Problem to solve - Look through the data below. Collect every line where the word "studies" occurs.

Record excerpts -
────────

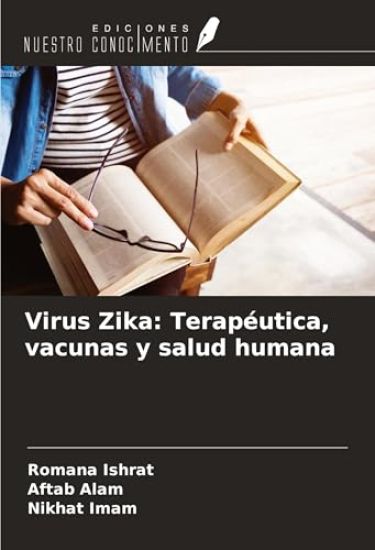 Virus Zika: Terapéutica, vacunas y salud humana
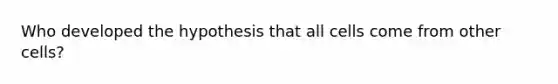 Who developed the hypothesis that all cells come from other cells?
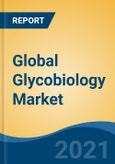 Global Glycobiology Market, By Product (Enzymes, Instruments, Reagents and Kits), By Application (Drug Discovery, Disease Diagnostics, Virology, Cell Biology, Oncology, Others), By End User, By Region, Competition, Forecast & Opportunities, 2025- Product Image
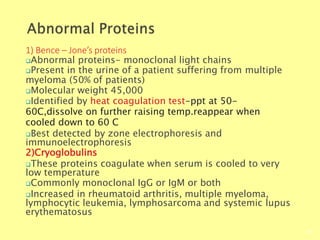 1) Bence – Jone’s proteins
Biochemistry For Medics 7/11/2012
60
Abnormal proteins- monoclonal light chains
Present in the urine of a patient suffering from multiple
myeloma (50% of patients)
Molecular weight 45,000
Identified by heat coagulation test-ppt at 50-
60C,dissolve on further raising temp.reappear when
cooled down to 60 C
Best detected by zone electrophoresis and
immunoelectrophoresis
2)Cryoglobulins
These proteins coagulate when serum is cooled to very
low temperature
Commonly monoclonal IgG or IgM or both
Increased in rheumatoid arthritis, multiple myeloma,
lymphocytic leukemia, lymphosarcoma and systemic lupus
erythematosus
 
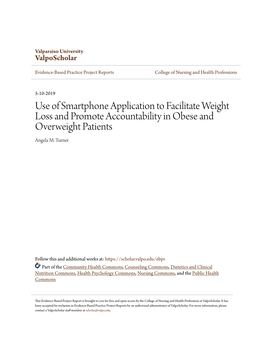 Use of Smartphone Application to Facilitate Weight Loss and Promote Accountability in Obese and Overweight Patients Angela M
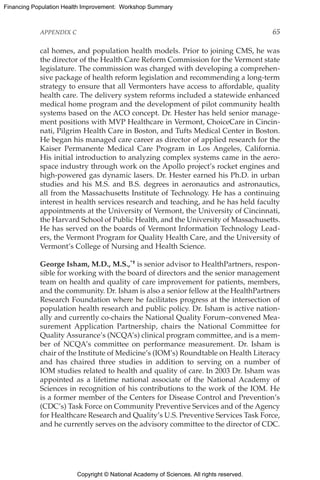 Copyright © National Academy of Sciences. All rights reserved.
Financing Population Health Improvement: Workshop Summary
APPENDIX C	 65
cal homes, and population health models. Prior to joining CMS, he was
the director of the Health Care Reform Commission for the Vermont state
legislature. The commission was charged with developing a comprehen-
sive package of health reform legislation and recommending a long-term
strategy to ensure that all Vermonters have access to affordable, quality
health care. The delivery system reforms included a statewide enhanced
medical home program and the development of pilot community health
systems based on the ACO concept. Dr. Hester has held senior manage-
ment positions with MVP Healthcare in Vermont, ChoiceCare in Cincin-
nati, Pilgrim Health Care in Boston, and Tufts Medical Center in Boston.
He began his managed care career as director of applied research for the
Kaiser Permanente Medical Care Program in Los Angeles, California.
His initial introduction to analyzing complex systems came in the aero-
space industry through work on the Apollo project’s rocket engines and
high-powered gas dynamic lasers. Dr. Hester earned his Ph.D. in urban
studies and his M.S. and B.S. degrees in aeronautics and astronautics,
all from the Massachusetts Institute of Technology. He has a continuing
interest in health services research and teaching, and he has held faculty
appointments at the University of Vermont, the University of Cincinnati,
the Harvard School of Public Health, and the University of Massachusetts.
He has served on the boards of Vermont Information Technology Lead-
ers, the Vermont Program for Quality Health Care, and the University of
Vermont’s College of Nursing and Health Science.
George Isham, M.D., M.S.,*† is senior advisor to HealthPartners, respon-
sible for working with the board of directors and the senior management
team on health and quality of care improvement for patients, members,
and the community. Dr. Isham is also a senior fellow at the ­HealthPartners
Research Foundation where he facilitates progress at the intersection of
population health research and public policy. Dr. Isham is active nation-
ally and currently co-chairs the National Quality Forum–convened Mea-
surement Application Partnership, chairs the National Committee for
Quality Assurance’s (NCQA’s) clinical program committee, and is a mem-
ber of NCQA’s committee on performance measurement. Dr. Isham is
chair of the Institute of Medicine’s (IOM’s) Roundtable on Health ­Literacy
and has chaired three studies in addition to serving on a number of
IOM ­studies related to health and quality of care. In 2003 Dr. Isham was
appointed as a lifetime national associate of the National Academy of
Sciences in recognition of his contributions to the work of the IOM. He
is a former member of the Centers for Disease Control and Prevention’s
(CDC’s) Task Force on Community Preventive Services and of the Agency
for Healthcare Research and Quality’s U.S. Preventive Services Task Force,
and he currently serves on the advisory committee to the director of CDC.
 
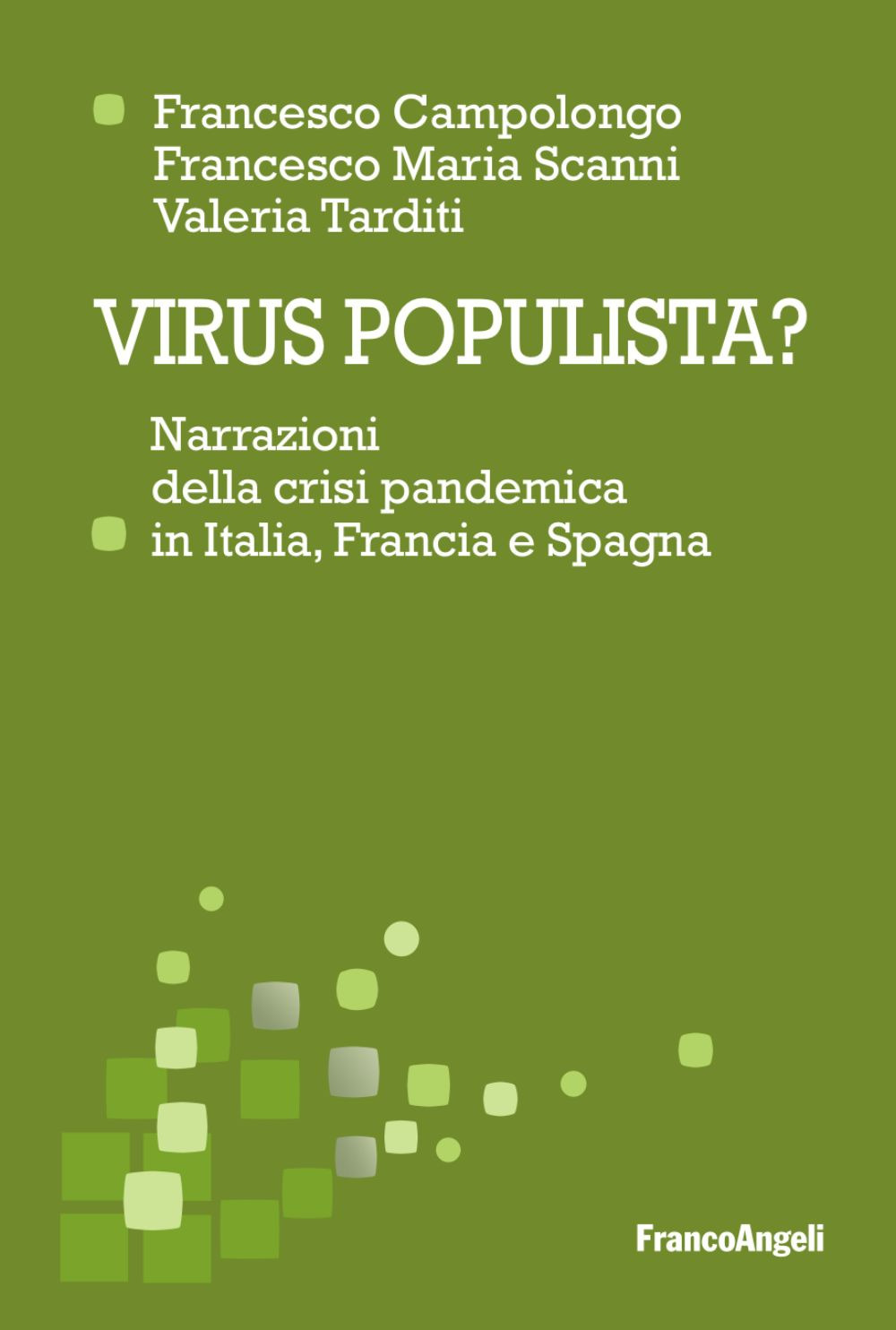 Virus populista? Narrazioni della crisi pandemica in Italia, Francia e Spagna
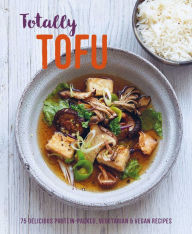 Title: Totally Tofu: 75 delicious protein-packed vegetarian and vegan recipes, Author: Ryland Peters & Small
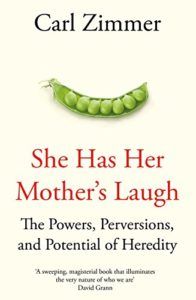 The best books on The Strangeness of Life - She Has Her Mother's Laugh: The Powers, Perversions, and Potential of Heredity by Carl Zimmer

────────

Output of the task -
studies and his M.S. and B.S. degrees in aeronautics and astronautics,
and has chaired three studies in addition to serving on a number of
IOM ­studies related to health and quality of care. In 2003 Dr. Isham was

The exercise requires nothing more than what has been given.